*PROBLEM TO SOLVE:* Since the records include pictures, leave those out while you reproduce exactly and only the lines from the one containing "Recall that power" through the one containing "To import this", inclusive.

*MATERIAL FOR THIS TASK:*
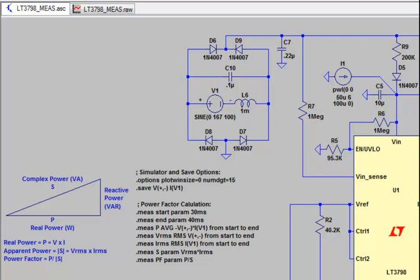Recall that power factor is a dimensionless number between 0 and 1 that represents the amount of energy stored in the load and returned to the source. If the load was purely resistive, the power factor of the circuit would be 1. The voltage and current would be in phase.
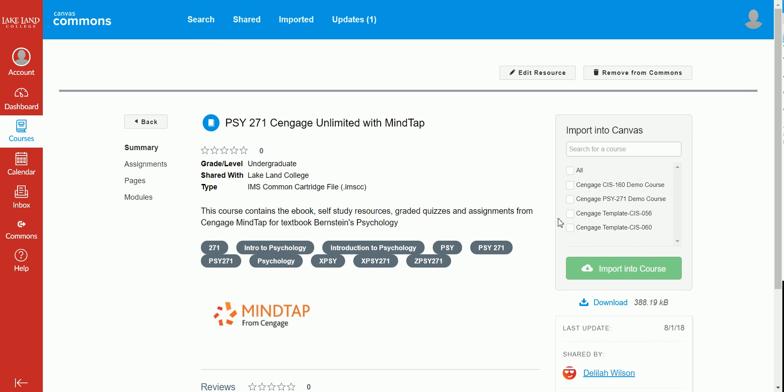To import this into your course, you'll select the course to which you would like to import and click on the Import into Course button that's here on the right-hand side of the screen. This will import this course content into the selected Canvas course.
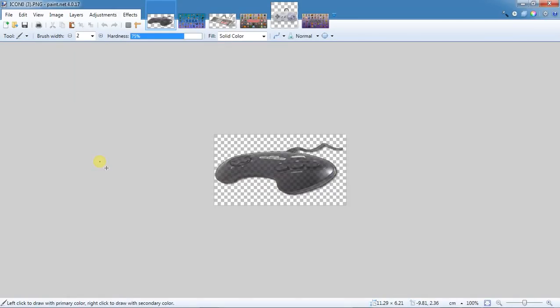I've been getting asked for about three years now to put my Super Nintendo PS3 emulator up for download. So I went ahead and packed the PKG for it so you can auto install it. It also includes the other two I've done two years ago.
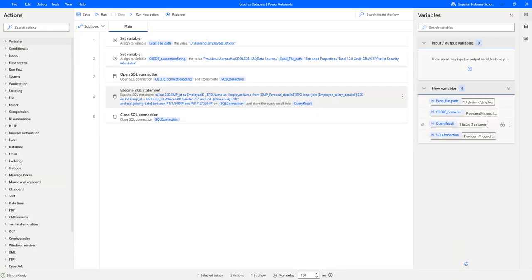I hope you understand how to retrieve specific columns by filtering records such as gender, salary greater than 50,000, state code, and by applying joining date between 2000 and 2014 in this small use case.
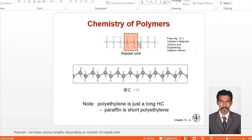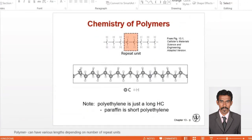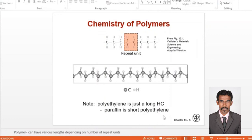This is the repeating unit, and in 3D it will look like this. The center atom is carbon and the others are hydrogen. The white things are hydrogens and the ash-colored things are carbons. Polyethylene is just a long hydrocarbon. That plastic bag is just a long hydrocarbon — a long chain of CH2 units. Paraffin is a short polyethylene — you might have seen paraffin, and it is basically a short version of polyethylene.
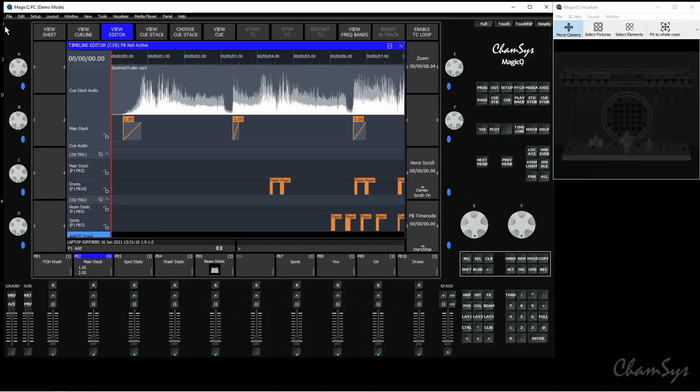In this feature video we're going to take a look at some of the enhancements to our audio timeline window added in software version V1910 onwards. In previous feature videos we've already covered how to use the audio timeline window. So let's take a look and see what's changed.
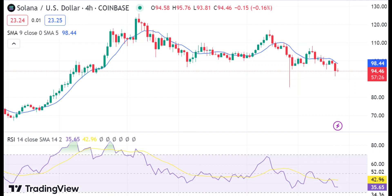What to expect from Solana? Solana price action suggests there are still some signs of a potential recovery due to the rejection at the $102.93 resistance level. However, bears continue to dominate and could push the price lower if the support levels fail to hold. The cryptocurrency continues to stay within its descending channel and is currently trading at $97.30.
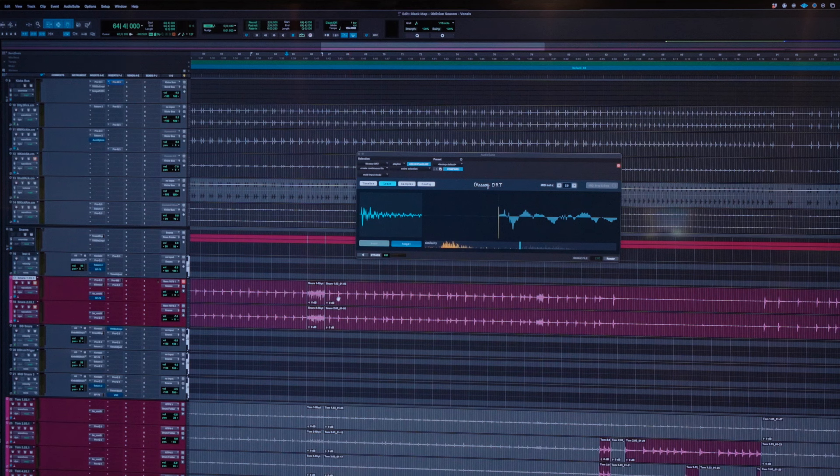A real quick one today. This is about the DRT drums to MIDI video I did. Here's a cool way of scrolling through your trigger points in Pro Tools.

* * *

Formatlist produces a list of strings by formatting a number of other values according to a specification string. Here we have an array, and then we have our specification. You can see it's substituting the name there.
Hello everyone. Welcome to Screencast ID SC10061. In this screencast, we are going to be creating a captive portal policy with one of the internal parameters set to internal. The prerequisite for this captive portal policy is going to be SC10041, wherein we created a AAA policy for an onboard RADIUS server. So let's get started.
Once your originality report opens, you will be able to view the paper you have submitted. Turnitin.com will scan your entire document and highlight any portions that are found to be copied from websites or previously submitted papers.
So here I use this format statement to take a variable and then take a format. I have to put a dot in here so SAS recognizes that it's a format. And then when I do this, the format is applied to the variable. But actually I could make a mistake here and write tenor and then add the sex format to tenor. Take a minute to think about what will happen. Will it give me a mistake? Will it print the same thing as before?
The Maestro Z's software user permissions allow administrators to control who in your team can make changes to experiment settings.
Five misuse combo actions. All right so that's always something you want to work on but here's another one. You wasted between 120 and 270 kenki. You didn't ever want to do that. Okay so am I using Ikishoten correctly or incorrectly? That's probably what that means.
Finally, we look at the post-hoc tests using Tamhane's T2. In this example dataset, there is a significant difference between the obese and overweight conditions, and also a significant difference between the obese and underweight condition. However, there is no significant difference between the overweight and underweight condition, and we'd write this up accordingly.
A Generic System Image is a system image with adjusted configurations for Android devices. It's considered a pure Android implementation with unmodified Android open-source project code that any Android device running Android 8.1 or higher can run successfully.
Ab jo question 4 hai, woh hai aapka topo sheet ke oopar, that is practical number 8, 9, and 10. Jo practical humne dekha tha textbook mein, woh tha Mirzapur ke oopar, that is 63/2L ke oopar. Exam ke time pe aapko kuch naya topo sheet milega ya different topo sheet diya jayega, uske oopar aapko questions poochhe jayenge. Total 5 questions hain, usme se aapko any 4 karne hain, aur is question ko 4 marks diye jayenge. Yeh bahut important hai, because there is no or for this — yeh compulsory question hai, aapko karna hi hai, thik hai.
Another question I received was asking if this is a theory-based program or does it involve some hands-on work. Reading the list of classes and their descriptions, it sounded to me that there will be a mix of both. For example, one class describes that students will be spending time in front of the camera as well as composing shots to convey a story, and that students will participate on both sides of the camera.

*REPLY:*
Recall that power factor is a dimensionless number between 0 and 1 that represents the amount of energy stored in the load and returned to the source. If the load was purely resistive, the power factor of the circuit would be 1. The voltage and current would be in phase.
To import this into your course, you'll select the course to which you would like to import and click on the Import into Course button that's here on the right-hand side of the screen. This will import this course content into the selected Canvas course.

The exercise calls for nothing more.